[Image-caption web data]
* * * * *
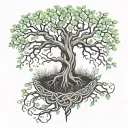 Yggdrasil tree entwined tattoo design idea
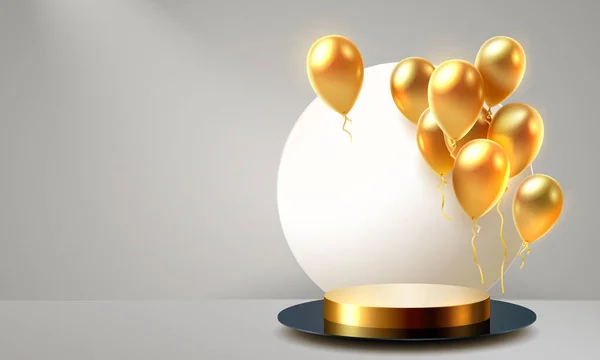 Ballon Gouden Podium Aanwezig Vieren Gelukkige Verjaardag Gouden Platform Banner — Stockvector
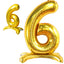 Numeral Balloon With Stand Gold #6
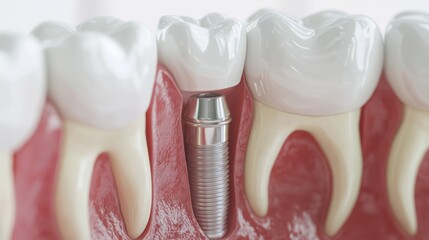 Human jaw with dental implant illustrating restorative dentistry and prosthetic tooth replacement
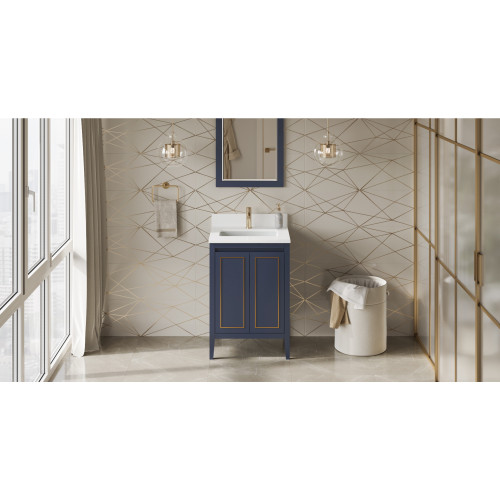 24" Hale Blue Percival Vanity, White Quartz Vanity Top, undermount rectangle bowl | VKITPER24BLWQR1 | Jeffrey Alexander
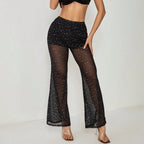 Damen Elegante transparente Palazzo-Hose mit funkelnden Akzenten R&B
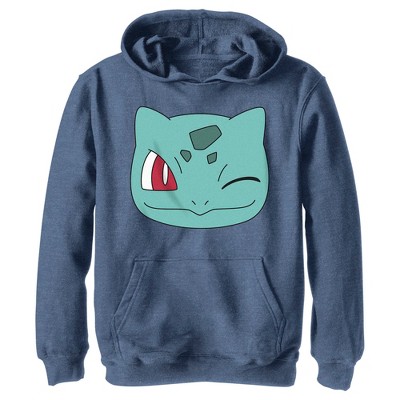 Boy's Pokemon Bulbasaur Wink Face Pull Over Hoodie - Navy Blue Heather ...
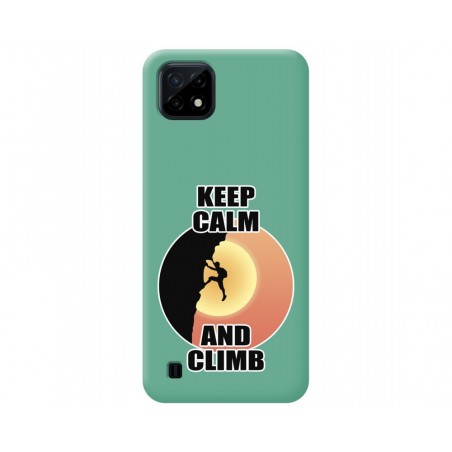 Funda Silicona Líquida Verde para Realme C21 diseño Hombre Escalada Dibujos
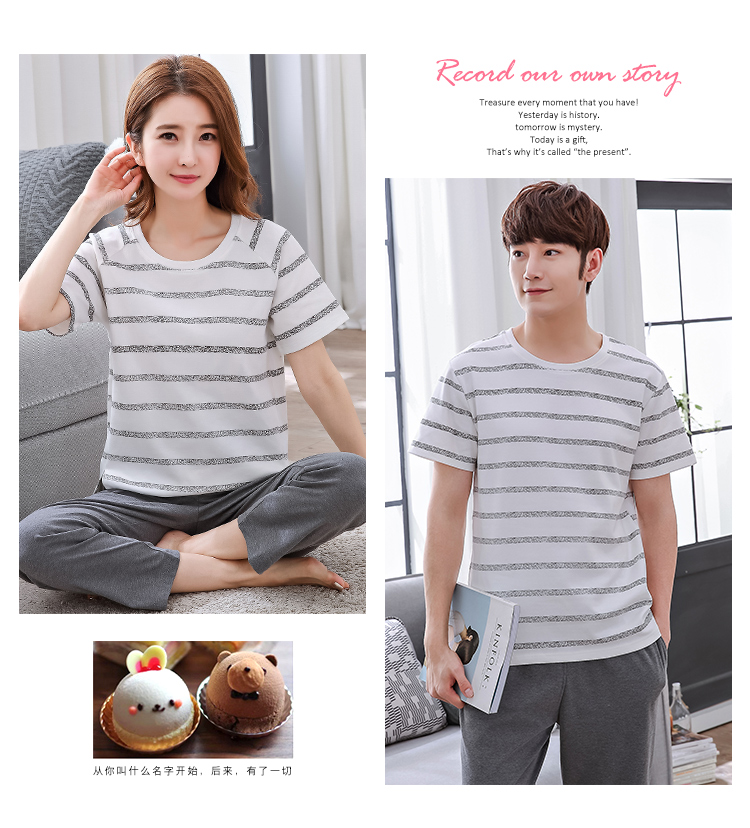 Vài bộ đồ ngủ mùa hè cotton ngắn tay quần mùa đông Hàn Quốc phiên bản của dễ thương mùa xuân và mùa thu mô hình nam giới và phụ nữ dịch vụ nhà phù hợp với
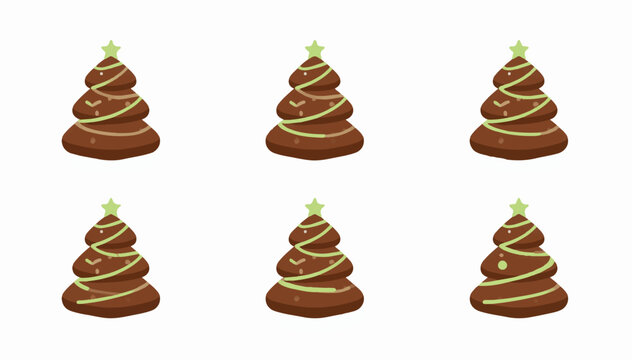 Christmas Tree Chocolate Cookies Flat Vector Illustration Set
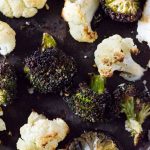 Roasted broccoli and cauliflower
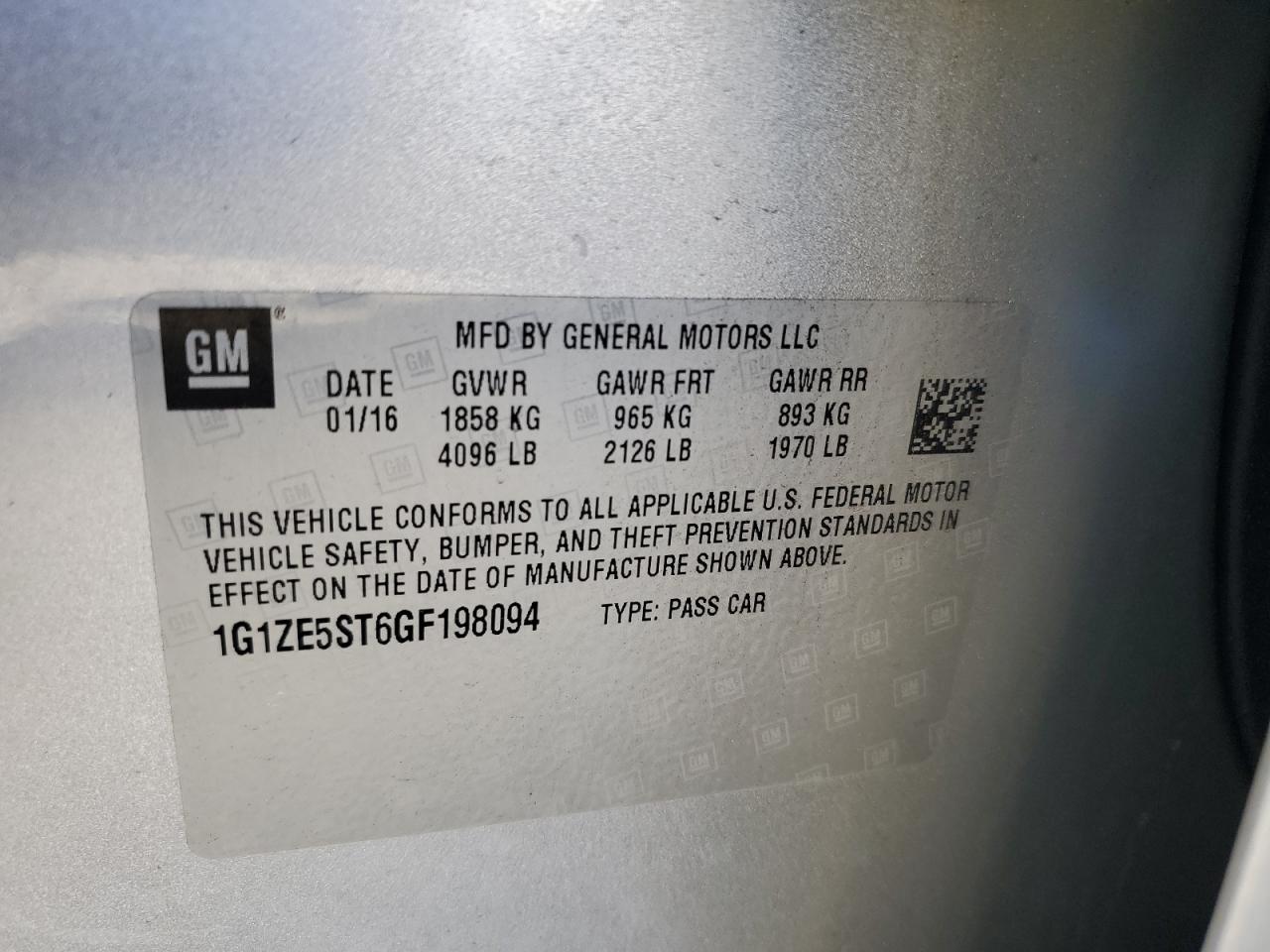 1G1ZE5ST6GF198094 CHEVROLET MALIBU 2016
* * * * *
WHAT IS REQUIRED: What you give back must be exactly the lines from the opening line of the entries through the line holding "Roasted broccoli and cauliflower", with no pictures.

SOLUTION FOR THIS PROBLEM:
 Yggdrasil tree entwined tattoo design idea
 Ballon Gouden Podium Aanwezig Vieren Gelukkige Verjaardag Gouden Platform Banner — Stockvector
 Numeral Balloon With Stand Gold #6
 Human jaw with dental implant illustrating restorative dentistry and prosthetic tooth replacement
 24" Hale Blue Percival Vanity, White Quartz Vanity Top, undermount rectangle bowl | VKITPER24BLWQR1 | Jeffrey Alexander
 Damen Elegante transparente Palazzo-Hose mit funkelnden Akzenten R&B
 Boy's Pokemon Bulbasaur Wink Face Pull Over Hoodie - Navy Blue Heather ...
 Funda Silicona Líquida Verde para Realme C21 diseño Hombre Escalada Dibujos
 Vài bộ đồ ngủ mùa hè cotton ngắn tay quần mùa đông Hàn Quốc phiên bản của dễ thương mùa xuân và mùa thu mô hình nam giới và phụ nữ dịch vụ nhà phù hợp với
 Christmas Tree Chocolate Cookies Flat Vector Illustration Set
 Roasted broccoli and cauliflower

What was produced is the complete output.